Trail Blazers
Mar 9, 2017; Portland, OR, USA; Portland Trail Blazers center Jusuf Nurkic (27) reacts against the Philadelphia 76ers during the overtime at the Moda Center. Mandatory Credit: Craig Mitchelldyer-USA TODAY Sports

By Adam Spinella

New Team, New Nurkic – Depending on what side of the ball you watch, you may think differently of the Portland Trail Blazers’ recent trade for Jusuf Nurkic. Nurkic slides in as a brutish post that scores and surprisingly is a skilled passer, playing with a hell of a high level of confidence at all times. He’s also a poor defender on a team devoid of interior defense. Both have been on full display in his seven games with Portland. He’s averaged 14.9 points, 8.1 rebounds and 4.0 assists, while the Blazers have won three in a row and four of their last seven.

Case in point for the mix results with Nurkic: Portland’s game this past Tuesday against the Thunder. The Bosnian Bruiser put up a line of 17 points, eight rebounds and four assists while the Blazers were outscored by 21 points when he’s on the court in a game they won by five. That includes two big buckets in the final minute that helped the Blazers break away and close out the road win. Ask any coach and they’ll tell you the same thing: all 48 minutes matter, so while the late-game heroics are nice, he did a lot early that hindered the group as well.

To be fair, it was the first game of his in a Blazers uniform where his plus-minus was subzero. Nurkic on the whole has been excellent for the Blazers, scoring in the interior and passing the ball efficiently from the high and low posts. He plays well next to Lillard and McCollum, and has shown a knack for getting to the free throw line. As opposed to Mason Plumlee as the team’s center, Nurkic can’t get pushed around by physical posts in one-on-one play. Playing four athletes around Nurkic has helped their defense apply pressure on the perimeter, knowing they don’t have to dig down on the post in isolation situations. He’s anchored a defense that, statistically speaking, rates among the tops in the league with Nurkic on the floor.

It’s the pick-and-roll defense that has and continues to hurt both the team and the player, and it creeped into the fold on Tuesday night against the Thunder. Nurkic has never been known for his foot speed, but the effort he gives to try and corral a ball handler off the pick-and-roll has been his biggest drawback. Even in a scheme where soft or no hedges take place against ball screens, the least a big man can do in that situation is to get a hand up and contest the jump shot once the guard rises up. Nurkic doesn’t even go that far. It’s part of the reason why Russell Westbrook, a pick-and-roll oriented guard, was able to put up 56 on the Blazers.

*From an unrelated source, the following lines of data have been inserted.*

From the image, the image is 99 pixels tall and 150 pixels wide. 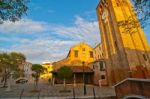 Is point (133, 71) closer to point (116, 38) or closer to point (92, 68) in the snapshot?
point (116, 38)

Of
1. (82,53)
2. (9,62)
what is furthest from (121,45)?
(9,62)

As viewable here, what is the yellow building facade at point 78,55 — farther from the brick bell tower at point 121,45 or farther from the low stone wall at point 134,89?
the low stone wall at point 134,89

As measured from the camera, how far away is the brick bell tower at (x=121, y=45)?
31281 mm

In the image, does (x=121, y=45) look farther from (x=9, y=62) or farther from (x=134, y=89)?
(x=9, y=62)

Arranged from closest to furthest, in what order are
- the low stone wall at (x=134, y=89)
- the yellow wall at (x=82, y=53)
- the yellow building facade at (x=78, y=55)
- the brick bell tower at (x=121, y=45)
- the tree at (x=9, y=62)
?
the low stone wall at (x=134, y=89)
the brick bell tower at (x=121, y=45)
the tree at (x=9, y=62)
the yellow building facade at (x=78, y=55)
the yellow wall at (x=82, y=53)

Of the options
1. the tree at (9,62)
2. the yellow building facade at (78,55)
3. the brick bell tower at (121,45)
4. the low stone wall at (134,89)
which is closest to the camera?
the low stone wall at (134,89)

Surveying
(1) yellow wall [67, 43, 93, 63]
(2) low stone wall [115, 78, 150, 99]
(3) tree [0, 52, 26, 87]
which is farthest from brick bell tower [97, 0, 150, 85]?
(3) tree [0, 52, 26, 87]

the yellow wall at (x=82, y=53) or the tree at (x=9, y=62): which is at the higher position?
the yellow wall at (x=82, y=53)

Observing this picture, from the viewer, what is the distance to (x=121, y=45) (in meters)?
32.7

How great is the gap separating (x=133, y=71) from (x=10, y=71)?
28.7 metres

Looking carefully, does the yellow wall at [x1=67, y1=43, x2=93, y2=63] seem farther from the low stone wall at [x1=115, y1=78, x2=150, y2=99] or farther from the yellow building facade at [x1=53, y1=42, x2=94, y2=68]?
the low stone wall at [x1=115, y1=78, x2=150, y2=99]

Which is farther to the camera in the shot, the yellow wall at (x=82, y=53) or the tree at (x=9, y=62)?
the yellow wall at (x=82, y=53)

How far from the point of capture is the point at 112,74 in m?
36.2

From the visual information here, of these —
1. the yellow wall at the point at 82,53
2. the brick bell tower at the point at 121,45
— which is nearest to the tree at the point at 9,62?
the yellow wall at the point at 82,53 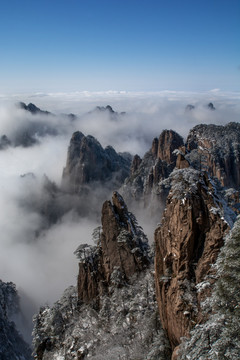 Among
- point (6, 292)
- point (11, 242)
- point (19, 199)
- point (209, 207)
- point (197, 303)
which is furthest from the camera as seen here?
point (19, 199)

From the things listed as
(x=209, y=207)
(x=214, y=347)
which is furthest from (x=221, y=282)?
(x=209, y=207)

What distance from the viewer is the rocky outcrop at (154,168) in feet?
389

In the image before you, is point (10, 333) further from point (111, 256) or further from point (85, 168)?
point (85, 168)

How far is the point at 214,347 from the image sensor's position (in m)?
14.7

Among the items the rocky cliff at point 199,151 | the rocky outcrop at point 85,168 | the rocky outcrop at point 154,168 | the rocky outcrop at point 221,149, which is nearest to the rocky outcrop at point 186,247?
the rocky cliff at point 199,151

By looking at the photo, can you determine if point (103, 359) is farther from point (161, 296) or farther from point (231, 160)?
point (231, 160)

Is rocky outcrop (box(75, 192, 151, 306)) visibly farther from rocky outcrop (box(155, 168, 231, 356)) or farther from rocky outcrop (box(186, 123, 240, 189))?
rocky outcrop (box(186, 123, 240, 189))

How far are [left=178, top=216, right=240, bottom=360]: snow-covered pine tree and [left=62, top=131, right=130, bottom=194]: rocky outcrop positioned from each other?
15724 cm

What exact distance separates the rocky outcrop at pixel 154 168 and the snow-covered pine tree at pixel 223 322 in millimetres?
96323

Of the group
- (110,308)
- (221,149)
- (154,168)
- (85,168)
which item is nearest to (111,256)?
(110,308)

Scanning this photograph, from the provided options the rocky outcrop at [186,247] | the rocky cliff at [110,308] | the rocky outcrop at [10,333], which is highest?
the rocky outcrop at [186,247]

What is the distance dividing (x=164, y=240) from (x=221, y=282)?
1140 cm

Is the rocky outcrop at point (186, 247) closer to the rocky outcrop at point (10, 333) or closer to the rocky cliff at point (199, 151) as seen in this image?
the rocky outcrop at point (10, 333)

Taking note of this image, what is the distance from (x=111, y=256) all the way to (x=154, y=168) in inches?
3051
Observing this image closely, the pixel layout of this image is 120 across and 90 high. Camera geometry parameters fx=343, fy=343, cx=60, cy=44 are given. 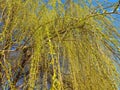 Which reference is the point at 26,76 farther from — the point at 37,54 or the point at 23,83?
the point at 37,54

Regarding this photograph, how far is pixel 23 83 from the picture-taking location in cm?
224

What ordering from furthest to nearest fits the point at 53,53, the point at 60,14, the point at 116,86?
the point at 60,14 < the point at 116,86 < the point at 53,53

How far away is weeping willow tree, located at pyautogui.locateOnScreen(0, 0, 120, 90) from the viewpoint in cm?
212

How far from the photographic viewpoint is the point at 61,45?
2.19m

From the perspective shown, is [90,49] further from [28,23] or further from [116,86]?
[28,23]

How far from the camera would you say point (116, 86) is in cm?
212

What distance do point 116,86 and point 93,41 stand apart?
0.32m

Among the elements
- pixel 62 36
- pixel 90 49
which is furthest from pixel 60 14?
pixel 90 49

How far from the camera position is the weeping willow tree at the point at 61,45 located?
6.96 feet

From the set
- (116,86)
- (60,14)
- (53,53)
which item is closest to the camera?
(53,53)

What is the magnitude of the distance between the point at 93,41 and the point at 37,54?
40 cm

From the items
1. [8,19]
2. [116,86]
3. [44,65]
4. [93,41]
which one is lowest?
[116,86]

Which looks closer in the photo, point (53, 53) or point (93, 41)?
point (53, 53)

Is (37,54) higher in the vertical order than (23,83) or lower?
higher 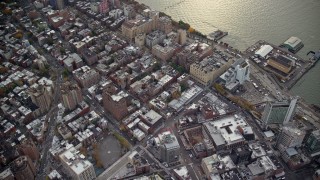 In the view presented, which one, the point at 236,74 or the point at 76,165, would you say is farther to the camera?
the point at 236,74

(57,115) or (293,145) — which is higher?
(293,145)

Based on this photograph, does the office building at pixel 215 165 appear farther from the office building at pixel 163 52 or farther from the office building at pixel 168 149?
the office building at pixel 163 52

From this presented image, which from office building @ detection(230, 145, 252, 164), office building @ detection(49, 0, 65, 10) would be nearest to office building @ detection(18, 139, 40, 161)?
office building @ detection(230, 145, 252, 164)

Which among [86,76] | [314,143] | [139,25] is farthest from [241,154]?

Nurkic is no worse than any of the big men that Portland has trotted out on defense against ball screens. What he gives the Blazers at the other end though has been a gleeful surprise. Nurkic has massive oven-mitts for hands, palming the ball with ease. Now he’s utilized those frying pans hands to whip passes into tight windows. His court vision and ability to drop passes into tight windows as a roller are particularly impressive. Nurkic doesn’t need to take a bounce or a second or two to gather himself to make the correct read — he’s got soft hands and quickly faces up to find the right passing windows. I’m not sure anybody saw this coming when they acquired Nurkic in Portland.

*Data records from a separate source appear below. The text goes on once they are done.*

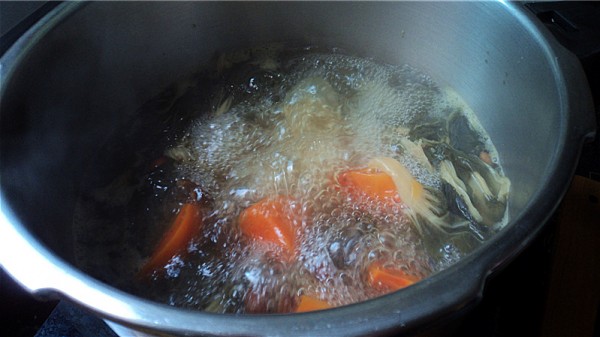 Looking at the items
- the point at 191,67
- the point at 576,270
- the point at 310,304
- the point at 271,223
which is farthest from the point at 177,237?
the point at 576,270

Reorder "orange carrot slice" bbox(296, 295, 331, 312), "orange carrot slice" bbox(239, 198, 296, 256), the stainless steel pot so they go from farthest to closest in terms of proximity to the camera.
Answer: "orange carrot slice" bbox(239, 198, 296, 256)
"orange carrot slice" bbox(296, 295, 331, 312)
the stainless steel pot

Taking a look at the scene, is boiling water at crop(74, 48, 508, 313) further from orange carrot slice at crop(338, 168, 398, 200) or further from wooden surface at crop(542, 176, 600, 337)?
wooden surface at crop(542, 176, 600, 337)

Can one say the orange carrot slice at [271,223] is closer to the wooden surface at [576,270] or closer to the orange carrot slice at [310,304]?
the orange carrot slice at [310,304]

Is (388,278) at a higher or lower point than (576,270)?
higher

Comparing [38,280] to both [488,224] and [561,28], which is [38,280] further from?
[561,28]

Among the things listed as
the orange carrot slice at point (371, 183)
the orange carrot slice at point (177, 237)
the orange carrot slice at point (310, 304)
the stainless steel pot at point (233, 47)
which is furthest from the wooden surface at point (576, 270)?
the orange carrot slice at point (177, 237)

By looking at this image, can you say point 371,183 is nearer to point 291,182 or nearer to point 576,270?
point 291,182

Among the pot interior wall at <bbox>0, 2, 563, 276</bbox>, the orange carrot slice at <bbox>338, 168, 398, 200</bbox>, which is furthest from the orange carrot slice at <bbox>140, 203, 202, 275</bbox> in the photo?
the orange carrot slice at <bbox>338, 168, 398, 200</bbox>
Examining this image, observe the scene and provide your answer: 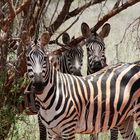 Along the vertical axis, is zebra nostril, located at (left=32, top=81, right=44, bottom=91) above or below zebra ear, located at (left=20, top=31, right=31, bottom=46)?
below

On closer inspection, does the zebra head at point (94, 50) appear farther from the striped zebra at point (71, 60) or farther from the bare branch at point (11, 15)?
the bare branch at point (11, 15)

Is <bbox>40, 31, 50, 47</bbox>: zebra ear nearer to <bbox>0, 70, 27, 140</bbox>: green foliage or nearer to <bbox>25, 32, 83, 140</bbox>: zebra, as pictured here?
<bbox>0, 70, 27, 140</bbox>: green foliage

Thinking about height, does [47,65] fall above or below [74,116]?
above

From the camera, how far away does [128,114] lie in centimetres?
665

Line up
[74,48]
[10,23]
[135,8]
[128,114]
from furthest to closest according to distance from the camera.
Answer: [135,8] → [74,48] → [128,114] → [10,23]

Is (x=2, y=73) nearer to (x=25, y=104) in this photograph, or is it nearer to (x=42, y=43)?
(x=42, y=43)

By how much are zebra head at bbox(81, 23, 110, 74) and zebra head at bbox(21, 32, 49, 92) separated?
1607 millimetres

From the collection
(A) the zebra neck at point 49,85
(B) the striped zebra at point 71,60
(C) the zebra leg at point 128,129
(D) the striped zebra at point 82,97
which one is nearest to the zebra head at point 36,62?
(D) the striped zebra at point 82,97

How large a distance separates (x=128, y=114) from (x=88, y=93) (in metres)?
0.64

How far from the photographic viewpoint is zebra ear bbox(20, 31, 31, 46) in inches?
226

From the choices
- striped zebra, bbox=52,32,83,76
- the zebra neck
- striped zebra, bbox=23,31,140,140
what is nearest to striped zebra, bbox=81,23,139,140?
striped zebra, bbox=52,32,83,76

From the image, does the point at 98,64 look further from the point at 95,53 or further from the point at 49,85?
the point at 49,85

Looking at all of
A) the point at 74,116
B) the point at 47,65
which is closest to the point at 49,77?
the point at 47,65

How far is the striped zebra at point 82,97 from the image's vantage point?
19.6 feet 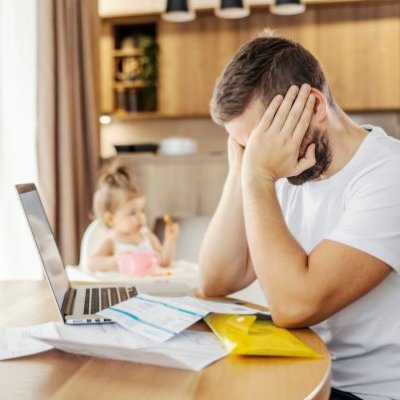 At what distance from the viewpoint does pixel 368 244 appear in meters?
1.18

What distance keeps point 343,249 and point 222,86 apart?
43cm

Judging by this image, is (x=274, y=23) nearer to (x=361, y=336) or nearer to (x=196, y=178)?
(x=196, y=178)

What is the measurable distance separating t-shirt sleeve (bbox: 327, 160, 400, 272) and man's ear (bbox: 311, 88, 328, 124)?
15 centimetres

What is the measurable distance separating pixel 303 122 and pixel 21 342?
0.69m

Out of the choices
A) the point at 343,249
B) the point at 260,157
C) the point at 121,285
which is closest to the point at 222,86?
the point at 260,157

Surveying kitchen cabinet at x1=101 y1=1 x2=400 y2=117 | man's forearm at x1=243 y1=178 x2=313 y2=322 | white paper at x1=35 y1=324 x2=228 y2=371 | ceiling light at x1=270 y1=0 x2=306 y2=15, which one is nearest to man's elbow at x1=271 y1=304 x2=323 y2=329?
man's forearm at x1=243 y1=178 x2=313 y2=322

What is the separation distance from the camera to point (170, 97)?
471cm

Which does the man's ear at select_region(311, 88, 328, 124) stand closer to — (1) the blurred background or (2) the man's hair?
(2) the man's hair

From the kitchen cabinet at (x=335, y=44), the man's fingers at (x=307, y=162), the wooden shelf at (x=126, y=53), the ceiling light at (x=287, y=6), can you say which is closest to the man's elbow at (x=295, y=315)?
the man's fingers at (x=307, y=162)

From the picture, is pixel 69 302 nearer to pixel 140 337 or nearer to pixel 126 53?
pixel 140 337

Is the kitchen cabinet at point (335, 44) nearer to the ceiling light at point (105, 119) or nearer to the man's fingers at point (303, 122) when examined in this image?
the ceiling light at point (105, 119)

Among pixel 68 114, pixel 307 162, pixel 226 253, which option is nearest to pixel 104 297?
pixel 226 253

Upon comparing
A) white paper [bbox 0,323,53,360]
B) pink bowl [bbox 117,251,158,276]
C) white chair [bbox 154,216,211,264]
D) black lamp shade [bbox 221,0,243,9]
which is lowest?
white chair [bbox 154,216,211,264]

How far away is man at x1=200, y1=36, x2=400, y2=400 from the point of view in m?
1.18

There’s no question Nurkic was unhappy with his role in Denver and the way the organization phased him out. In Portland he’s quickly shown that he’s a legitimate starter in this league and deserves to be an important part of their team moving forward — and his attitude and energy level have been greatly improved. Is he enough to get the Blazers over the hump and into the playoff this season? Portland has 12 of their final 20 games at home, and 13 remaining against teams with a sub-.500 record. The schedule is in their favor… will the defense be?

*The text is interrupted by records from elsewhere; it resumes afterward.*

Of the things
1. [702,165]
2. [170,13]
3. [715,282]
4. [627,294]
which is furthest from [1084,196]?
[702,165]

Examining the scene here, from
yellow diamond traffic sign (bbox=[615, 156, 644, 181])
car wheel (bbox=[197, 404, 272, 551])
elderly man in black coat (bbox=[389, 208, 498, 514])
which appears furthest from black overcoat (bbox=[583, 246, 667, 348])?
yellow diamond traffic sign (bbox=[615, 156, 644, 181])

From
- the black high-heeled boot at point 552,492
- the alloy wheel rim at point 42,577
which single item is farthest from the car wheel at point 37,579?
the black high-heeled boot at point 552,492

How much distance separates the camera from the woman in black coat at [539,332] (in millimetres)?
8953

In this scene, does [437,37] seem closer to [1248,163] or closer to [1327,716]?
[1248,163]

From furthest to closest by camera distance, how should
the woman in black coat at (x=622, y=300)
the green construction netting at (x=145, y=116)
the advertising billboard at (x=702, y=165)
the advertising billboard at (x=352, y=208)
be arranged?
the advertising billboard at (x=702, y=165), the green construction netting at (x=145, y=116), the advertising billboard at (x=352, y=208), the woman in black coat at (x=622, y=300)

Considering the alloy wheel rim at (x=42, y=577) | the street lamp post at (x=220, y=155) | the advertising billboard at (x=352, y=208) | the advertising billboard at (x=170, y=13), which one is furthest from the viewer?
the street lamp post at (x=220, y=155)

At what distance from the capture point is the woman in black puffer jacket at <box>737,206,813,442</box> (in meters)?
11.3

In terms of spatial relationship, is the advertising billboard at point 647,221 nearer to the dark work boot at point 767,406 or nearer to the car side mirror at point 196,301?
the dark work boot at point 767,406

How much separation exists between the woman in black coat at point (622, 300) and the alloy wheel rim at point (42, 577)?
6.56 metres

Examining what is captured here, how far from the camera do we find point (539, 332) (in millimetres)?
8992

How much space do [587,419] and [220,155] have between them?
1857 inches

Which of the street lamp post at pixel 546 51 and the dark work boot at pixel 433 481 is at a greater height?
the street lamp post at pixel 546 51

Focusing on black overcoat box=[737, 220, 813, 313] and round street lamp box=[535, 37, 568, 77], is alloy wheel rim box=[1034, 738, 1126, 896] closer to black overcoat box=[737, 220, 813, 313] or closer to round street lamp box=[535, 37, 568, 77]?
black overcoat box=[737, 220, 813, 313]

Phoenix Suns Youth Revelation – Hey, what’s gotten into the Phoenix Suns? They won three games in a row earlier this week, including clutch game-winners against the Celtics and overcoming a Russell Westbrook game of 47-16-9. So what exactly has been their recipe for success?

Tyler Ulis, Derrick Jones Jr. and Alan Williams.


Yep… a 5’9″ rookie and two undrafted youngsters have keyed the success for the Suns over the last few weeks. Of the 15 most positive three-man lineups the Suns have used in March, all except for three include one of the three rookies. The lineup with all three on the court at the same time, logging about twelve minutes per game together, has been a plus-sixteen. Only one other lineup (Ulis, Williams and Jared Dudley) has played more minutes.

Expand that to a four-man lineup, and the Ulis-Dudley-Jones-Williams grouping has played more minutes than any combo for the Suns in that time span. It’s a plus-twenty-six together, playing at a slower pace but maximizing their utility in the half-court. Leandro Barbosa, the most frequent fifth wheel in their unit, has only helped alleviate the burden on the rookie Ulis in terms of creating shots for others.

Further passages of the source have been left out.